Monseñor Martínez Camino dijo ayer unas cuantas verdades sobre la situación legal de la institución familiar en España. Efectivamente, disolver un matrimonio es en ocasiones más fácil que cambiar de compañía de teléfono. Si los cónyuges están de acuerdo, se pueden divorciar en tres meses. En caso de que no haya acuerdo, la cosa puede demorarse, pero en todo caso la facilidad para poner fin a una unión matrimonial es total. Basta con que una de las partes quiera divorciarse para que no haya manera de impedirlo. Con la particularidad de que en ocasiones, la parte que no está de acuerdo puede resultar la más perjudicada en la sentencia de divorcio. Lo he escrito otras veces y lo vuelvo a escribir. Conozco casos en que un/a adúltero/a ha conseguido echar de casa a su pareja para meter a la persona con la que cometía adulterio. O sea, quien rompe el contrato matrimonial no paga por ello. Todo esto con el apoyo de la ley.

Eso convierte al matrimonio civil en una gran farsa. No difiere gran cosa de las tan cacareadas uniones civiles, que también pueden ser disueltas en un abrir y cerrar de ojos. Le cuesta más a un jugador de fútbol salir de su club que a un cónyuge sinvergüenza poner fin su matrimonio. Quien es contratado por una empresa tiene más seguridad de que sus derechos se respeten a cualquier mujer que quiera ser repudiada por su marido -idem en el caso contrario-. Y eso, se quiera o no, deja a la institución familiar totalmente desprotegida. Es alucinante que aquello que es la esencia de la sociedad sea pisoteado desde la legislación.

En otros posts he sugerido que la Iglesia podría plantearse si tiene mucho sentido que los matrimonios canónicos tengan un efecto civil paralelo e inmediato. Es decir, dado que el matrimonio civil es basura, ¿no sería quizás mejor buscar que el marido y la mujer cristianos contrajeran un tipo de contrato personal que tuviera más protección jurídica que la farsa en que las leyes han convertido la institución familiar?

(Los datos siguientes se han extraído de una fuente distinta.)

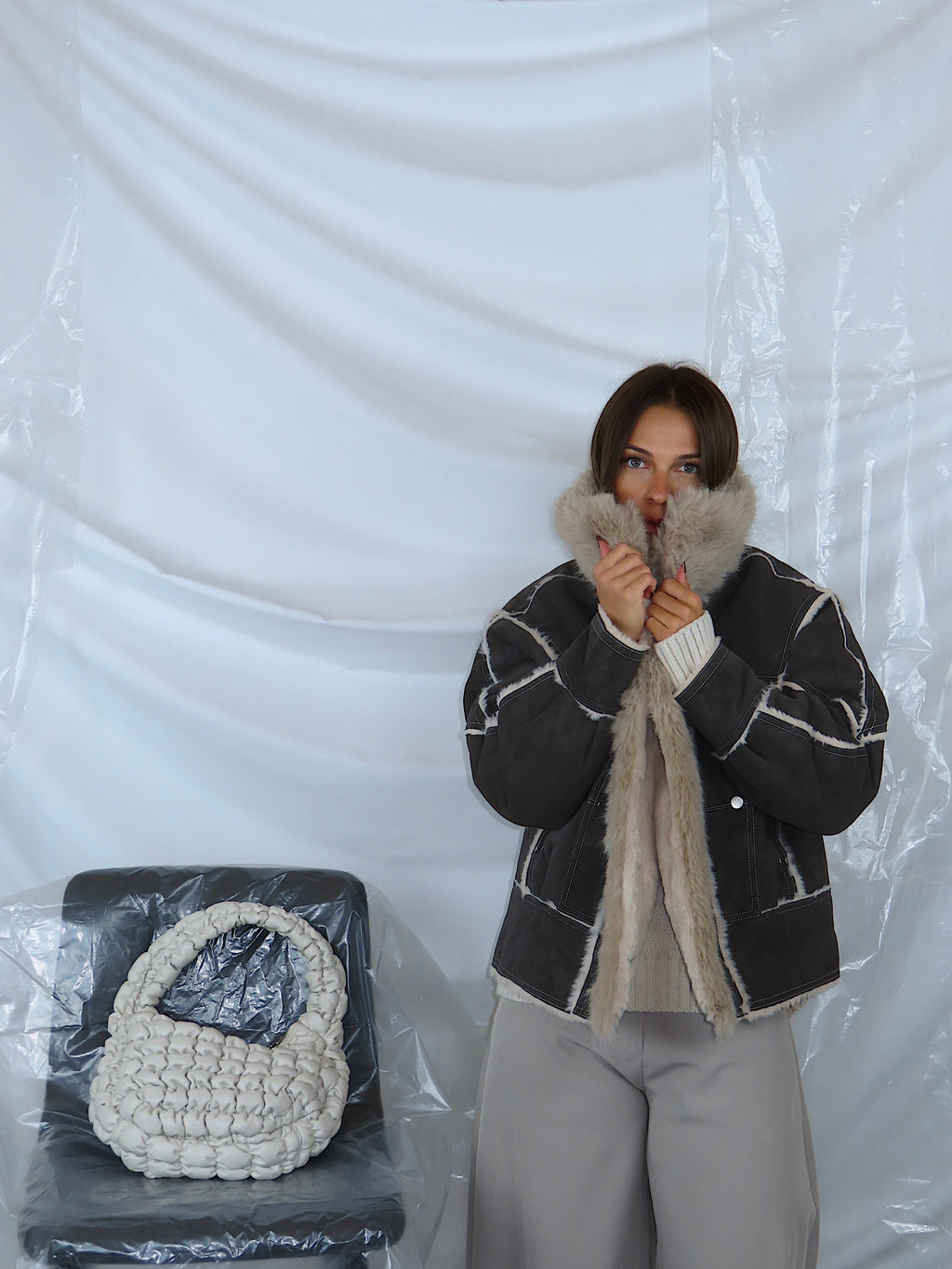 Dettaglio ravvicinato di giacca aviatore con colletto imbottito e interno in eco pelliccia.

No parece legalmente posible, pero sería una manera de manifestar el desacuerdo con una legislación que será todo lo democrática que se quiera, pero que a su vez es un atentado contra el bien común.

Lo ideal sería que al menos el matrimonio católico -con su carácter indisoluble- tuviera su correspondiente equivalente en la legislación civil, lo que de paso nos ahorraría la totalidad de matrimonios eclesiales que se han por mera estética o compromiso social. El resto de matrimonios civiles tendrían menos protección jurídica pero sin llegar a la barbaridad del divorcio express o de los divorcios en los que la parte perjudicada no se vea encima puesta en la puñetera calle y sin la custodia de los hijos.

¿He dicho hijos? Pues sí, he dicho hijos. ¿A ellos quién les proteje cuando sus padres les usan como munición o moneda de cambio en la demanda de divorcio? ¿quién les da la garantía de que su hogar no salte hecho trizas por la irresponsabilidad de su padre, de su madre o de los dos? Es más, no puedo dejar de preguntarme: ¿qué posibilidad hay de que alguien pueda ser un buen padre o una buena madre si ha sido incapaz de ser un buen esposo o una buena esposa?

No, no debería ser tan fácil romper una familia. La ley, para servir al bien común, debería velar por su continuidad, por su estabilidad. No digo que sea plan de mantener artificialmente unido un hogar donde hay violencia -en ese caso, el violento a la cárcel- o donde la convivencia se haya convertido en un infierno. Pero si ante la mínima crisis familiar, lo que la ley hace es invitar a los cónyuges a separarse, el divorcio avanzará hasta extremos insoportables para la estabilidad de la única institución que nos garantiza el futuro como civilización.